Summer & All the Good Things that it Brings

Summer officially begins June 20th in the northern hemisphere this year, and I for one cannot wait.  In 10 days the solar azimuth, or the sun's path through the sky, will arc as far north and as high overhead as it gets before the days start growing shorter, and the sun slowly retreats to the south for next winter.  This will be the "longest day" of the year.  At my latitude in Eugene the sun rises at 5:30am and doesn't set until 9pm resulting in 15.5 straight hours of sunshine!  The farther north you go, the longer the daylight lasts, and above a certain latitude (in parts of Alaska, Canada and Northern Europe for example) the sun will not set at all.  Those nearer the equator will hardly notice the difference in the day's length.

The Peas Are Taking Off

The summer's approach brings many good tidings in general, and this year a few specific good tidings for me.  Not only are the long days and fair weather conducive to a more active lifestyle, and the general quality of recreation improves significantly, but the long hours of sunshine make the garden grow fast and strong.  You may recall some of my disaster stories from the last two years of gardening, well this year we are starting to figure it out.  I have been turning a compost pile since April of last year, and at the beginning of spring I tilled up the vegetable patch in our yard and turned the compost into the patch.  So far, the vegetables we have planted love it.

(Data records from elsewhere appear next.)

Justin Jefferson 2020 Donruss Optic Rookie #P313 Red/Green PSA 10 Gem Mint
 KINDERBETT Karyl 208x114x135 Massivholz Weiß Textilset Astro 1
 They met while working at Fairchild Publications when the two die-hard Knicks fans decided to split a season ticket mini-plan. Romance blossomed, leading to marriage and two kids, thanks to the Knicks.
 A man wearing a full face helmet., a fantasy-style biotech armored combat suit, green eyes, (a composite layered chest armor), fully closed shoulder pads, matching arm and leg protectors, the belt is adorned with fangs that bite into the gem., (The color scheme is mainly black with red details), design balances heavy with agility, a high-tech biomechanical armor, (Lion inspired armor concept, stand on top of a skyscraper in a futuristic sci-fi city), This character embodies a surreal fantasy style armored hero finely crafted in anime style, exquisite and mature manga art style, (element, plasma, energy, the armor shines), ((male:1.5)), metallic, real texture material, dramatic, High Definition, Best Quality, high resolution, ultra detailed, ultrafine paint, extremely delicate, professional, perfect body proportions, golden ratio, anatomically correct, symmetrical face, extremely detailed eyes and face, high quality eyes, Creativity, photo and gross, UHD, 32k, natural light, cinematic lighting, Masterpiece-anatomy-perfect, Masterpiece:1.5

We also have a few little planter boxes of herbs right by the kitchen door that are doing very well, and our one survivor from previous years, the blueberry bush, has more little green fruits than ever before.  We are about to plant a few tomatoes and plan to add some lettuce and other leafy green along the fence (which doesn't get nearly as much sun).

But this year, the best thing that summer brings with it is my wife, who has completed the Master's of Architecture program at UO and has her commencement in a week.  After three long years in Design Jail, she is a free woman once again.  The last two quarters have been fantastic (she got the studio teacher she most wanted and it was everything she hoped it would be) and her final review went extremely well.  Considering the fact that final reviews are usually a bloody affair consisting of a group of cynics tearing apart your hard work and design aesthetic, I think Courtney's face at the end of her review says it all.

Courtney in Front of Her Final Presentation
So for the rest of the summer, (in addition to my usual stuff about going green) you can expect a lot of posts about gardening, barbequing, and for the first time in a while probably some posts about traveling around Oregon, which Courtney and I are very excited about.  So I leave you with a Eugene send off, what everyone here says instead of goodbye when it is not raining: "enjoy the weather!"